#### Data for analysis:
====

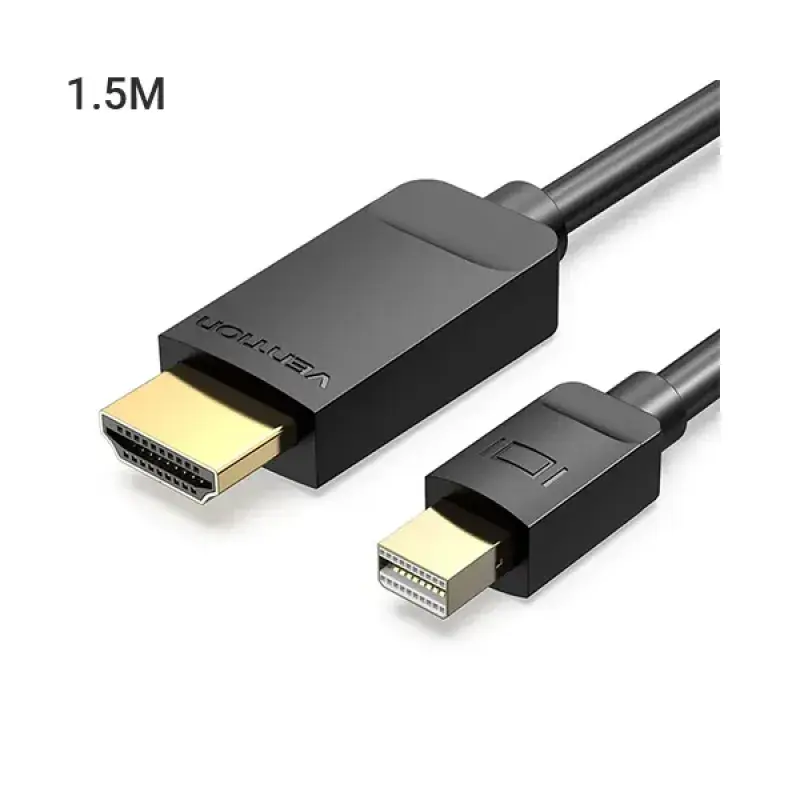 Vention HABBG Mini DisplayPort to HDMI Cable - 1.5M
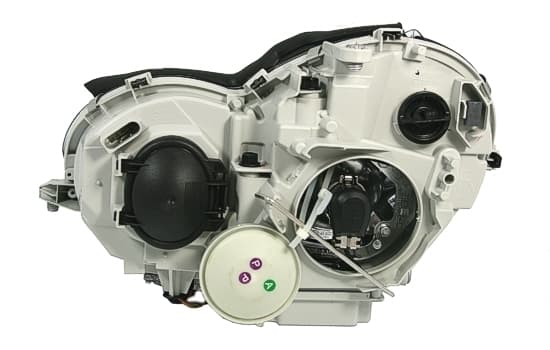 MERCEDES C-KLASSE - SCHEINWERFER – Bild 3
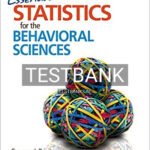 Test Bank for Essential Statistics for the Behavioral Sciences 1st Edition by Privitera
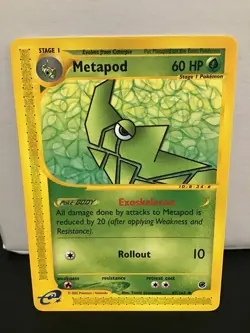 Metapod 87/165 Uncommon Pokemon Expedition - Image 1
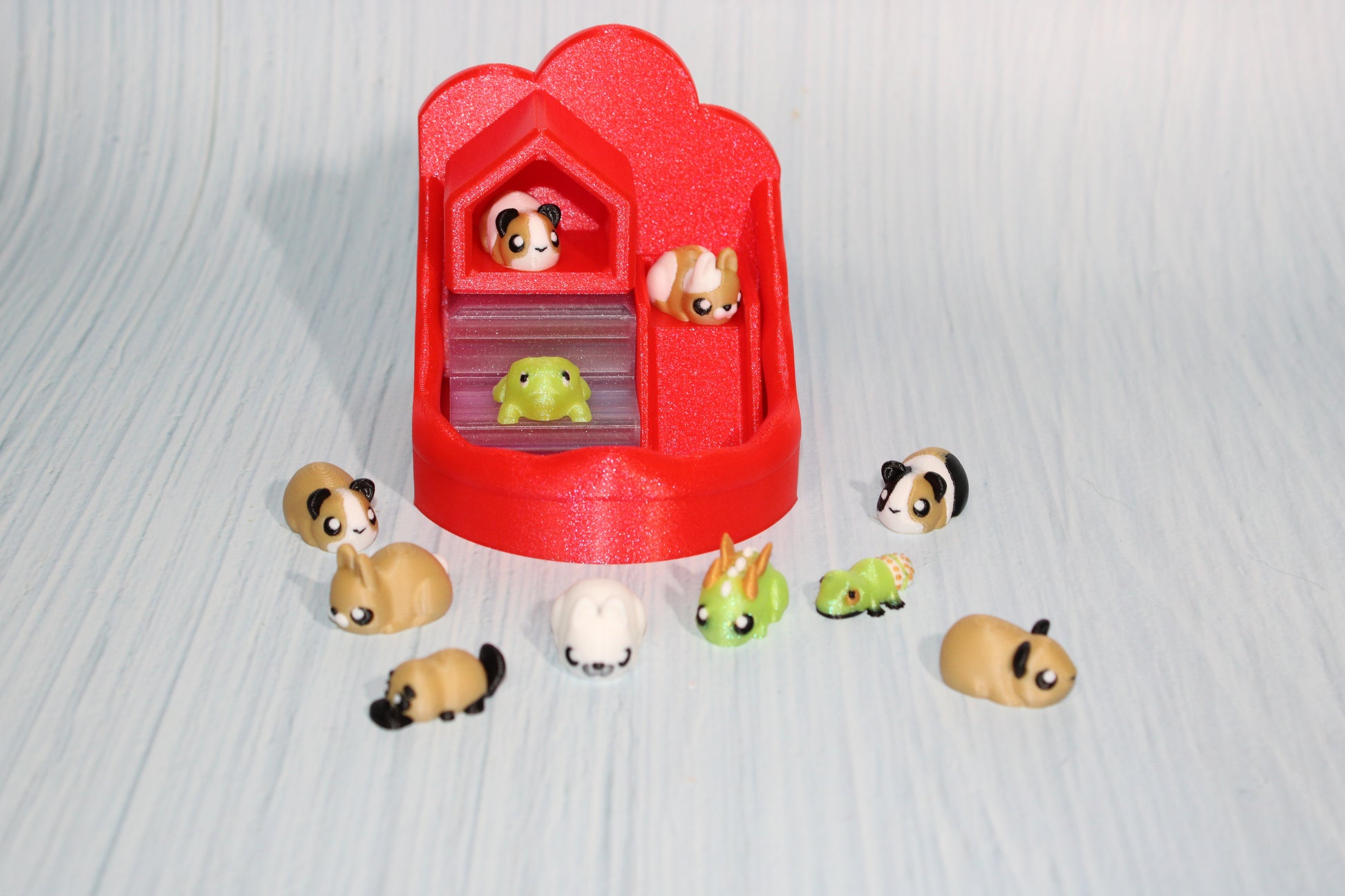Mini Sculpt Pack and Playset- 3D Printed - Wonderland 3D Printing 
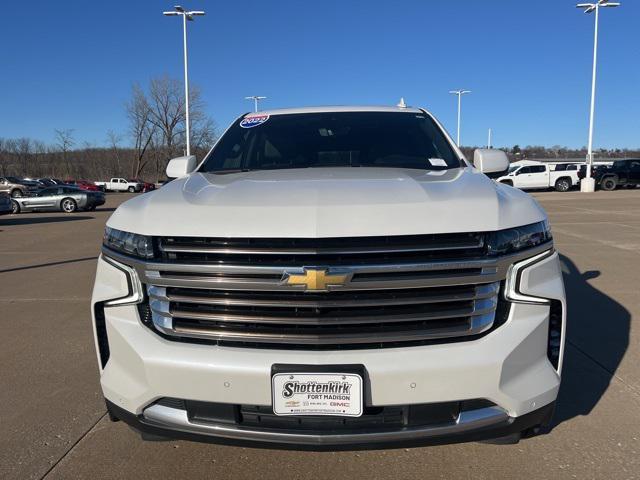 used 2022 Chevrolet Suburban car, priced at $52,989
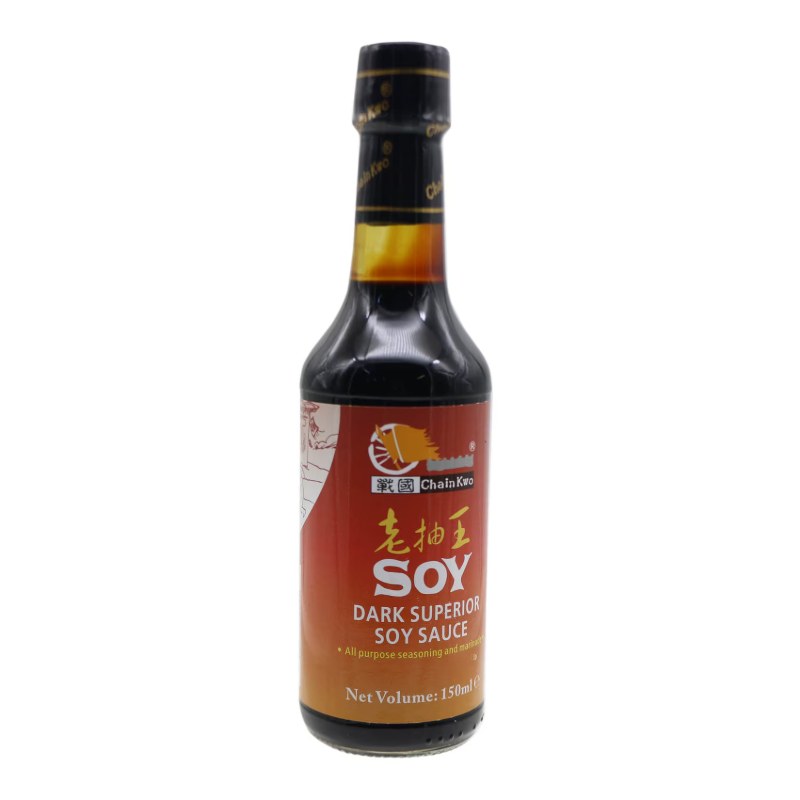 Chain kwo dark soy sauce 150ml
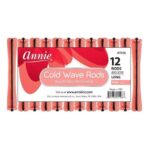 ANNIE Cold Wave Rods - Pink / Long (1/3" Diameter) 12ct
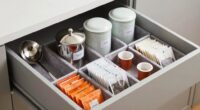 top tea coffee organizers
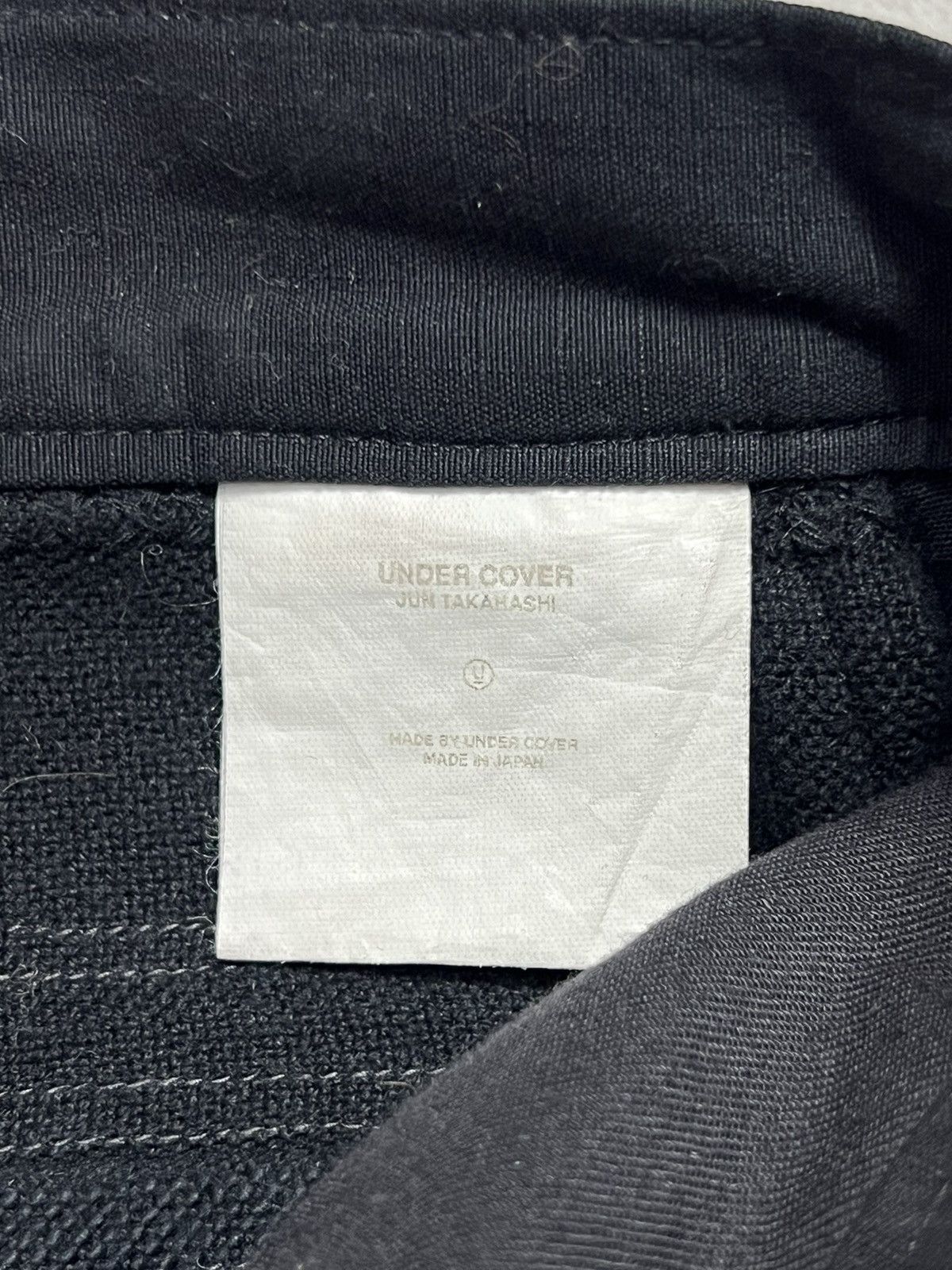 Undercover undercover SCAB SS03 Hagi Patchwork Jeans Size US 34 / EU 50 - 13 Thumbnail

====

#### Goal of the exercise:
Your copy should match the records word for word, with the pictures removed.

#### Exercise output:
 Vention HABBG Mini DisplayPort to HDMI Cable - 1.5M
 MERCEDES C-KLASSE - SCHEINWERFER – Bild 3
 Test Bank for Essential Statistics for the Behavioral Sciences 1st Edition by Privitera
 Metapod 87/165 Uncommon Pokemon Expedition - Image 1
Mini Sculpt Pack and Playset- 3D Printed - Wonderland 3D Printing 
 used 2022 Chevrolet Suburban car, priced at $52,989
 Chain kwo dark soy sauce 150ml
 ANNIE Cold Wave Rods - Pink / Long (1/3" Diameter) 12ct
 top tea coffee organizers
 Undercover undercover SCAB SS03 Hagi Patchwork Jeans Size US 34 / EU 50 - 13 Thumbnail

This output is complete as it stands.